Suppose $u\in L^2(\Omega)$ and $\Delta^n u\in L^2(\Omega)$ for $n=1,\dotsc,N$, where $\Delta$ is in the weak sense.
Let $\zeta\in C_c^{\infty}(\Omega)$.
Can we say that $\Delta^N(u\zeta)\in L^2(\Omega)$?
We know if $v\in H^2(\Omega)$ and $\zeta\in C_c^{\infty}(\Omega)$, then $v\zeta\in H^2(\Omega)$, but here we don't know if $u$ is in Sobolev (we don't know how $u$ would behave near the boundary).

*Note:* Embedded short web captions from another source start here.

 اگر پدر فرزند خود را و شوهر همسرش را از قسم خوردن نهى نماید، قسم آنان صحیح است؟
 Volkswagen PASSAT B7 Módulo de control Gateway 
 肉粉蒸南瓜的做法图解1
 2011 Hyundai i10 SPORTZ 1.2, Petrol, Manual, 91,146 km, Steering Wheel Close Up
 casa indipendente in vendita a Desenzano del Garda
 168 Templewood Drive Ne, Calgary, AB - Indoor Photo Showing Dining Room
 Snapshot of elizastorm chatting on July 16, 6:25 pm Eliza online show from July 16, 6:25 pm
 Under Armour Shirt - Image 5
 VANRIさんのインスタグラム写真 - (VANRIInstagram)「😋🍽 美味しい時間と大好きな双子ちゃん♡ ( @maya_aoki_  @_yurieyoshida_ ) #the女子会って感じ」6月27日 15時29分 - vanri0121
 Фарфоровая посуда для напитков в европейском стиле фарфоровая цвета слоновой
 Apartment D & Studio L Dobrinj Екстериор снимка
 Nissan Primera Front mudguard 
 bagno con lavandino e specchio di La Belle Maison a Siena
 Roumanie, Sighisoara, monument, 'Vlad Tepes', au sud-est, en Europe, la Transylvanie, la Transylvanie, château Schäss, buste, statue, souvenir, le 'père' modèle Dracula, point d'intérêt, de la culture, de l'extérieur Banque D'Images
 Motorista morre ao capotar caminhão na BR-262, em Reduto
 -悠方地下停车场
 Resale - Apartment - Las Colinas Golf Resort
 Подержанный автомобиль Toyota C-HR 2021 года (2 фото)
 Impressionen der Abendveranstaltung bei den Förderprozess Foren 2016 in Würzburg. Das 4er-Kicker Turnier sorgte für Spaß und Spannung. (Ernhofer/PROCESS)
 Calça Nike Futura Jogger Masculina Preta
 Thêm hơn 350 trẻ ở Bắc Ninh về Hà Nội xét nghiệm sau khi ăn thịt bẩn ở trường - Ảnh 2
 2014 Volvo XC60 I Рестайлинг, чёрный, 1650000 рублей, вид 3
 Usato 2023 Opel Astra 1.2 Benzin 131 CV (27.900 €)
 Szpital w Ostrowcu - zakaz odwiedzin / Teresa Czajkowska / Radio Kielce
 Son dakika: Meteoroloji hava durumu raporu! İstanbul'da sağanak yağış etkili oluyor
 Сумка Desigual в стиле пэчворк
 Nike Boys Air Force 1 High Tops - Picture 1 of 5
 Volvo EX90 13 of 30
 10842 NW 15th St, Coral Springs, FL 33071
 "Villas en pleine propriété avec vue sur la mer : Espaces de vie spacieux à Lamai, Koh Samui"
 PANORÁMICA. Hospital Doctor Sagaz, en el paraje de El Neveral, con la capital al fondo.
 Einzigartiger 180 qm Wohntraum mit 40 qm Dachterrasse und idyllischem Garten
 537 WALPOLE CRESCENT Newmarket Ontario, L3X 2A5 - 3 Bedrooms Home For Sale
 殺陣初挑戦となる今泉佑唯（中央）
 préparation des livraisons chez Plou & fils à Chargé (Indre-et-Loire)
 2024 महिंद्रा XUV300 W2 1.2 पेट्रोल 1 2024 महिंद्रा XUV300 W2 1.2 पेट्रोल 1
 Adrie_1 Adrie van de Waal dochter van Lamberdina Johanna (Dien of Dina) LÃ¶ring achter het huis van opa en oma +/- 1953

I first considered the case $N=1$, $\Delta (u\zeta)$, used the product rule for the Laplacian assuming $u$ is smooth, but got cross term $u_{xy}\zeta_{xy}$, $u_{yz}\zeta_{yz}$, $u_{zx}\zeta_{zx}$ and now I am not sure if it holds because we don't really know if they are square integrable. (Do we?)
But we have $\Delta^n u\in L^2(\Omega)$ and just multiplying a smooth function. Is $\Delta^N(u\zeta)\in L^2(\Omega)$ too good to be true?
If the weak Laplacian is in $L^2$, then the function is in $H^2$ locally. Indeed, the Poisson equation with $L^2$ data admits an $H^2_{\rm loc}$ solution $w$ (e.g., here. Then the difference $u-w$ satisfies the Laplace equation in the weak sense, and therefore (by Weyl's Lemma) is a classical harmonic function, in particular $C^\infty$. (I think you can also find the above result in PDE by Evans somewhere under "interior regularity for Poisson's equation".)
Applying the above repeatedly, we get $u\in H^{2N}$ locally. The boundary behavior is irrelevant because you multiply by a compactly supported $\zeta$. So, $\zeta u\in H^{2N}(\Omega)$ under your assumptions. In particular, $\Delta^N(\zeta u)\in L^2(\Omega)$.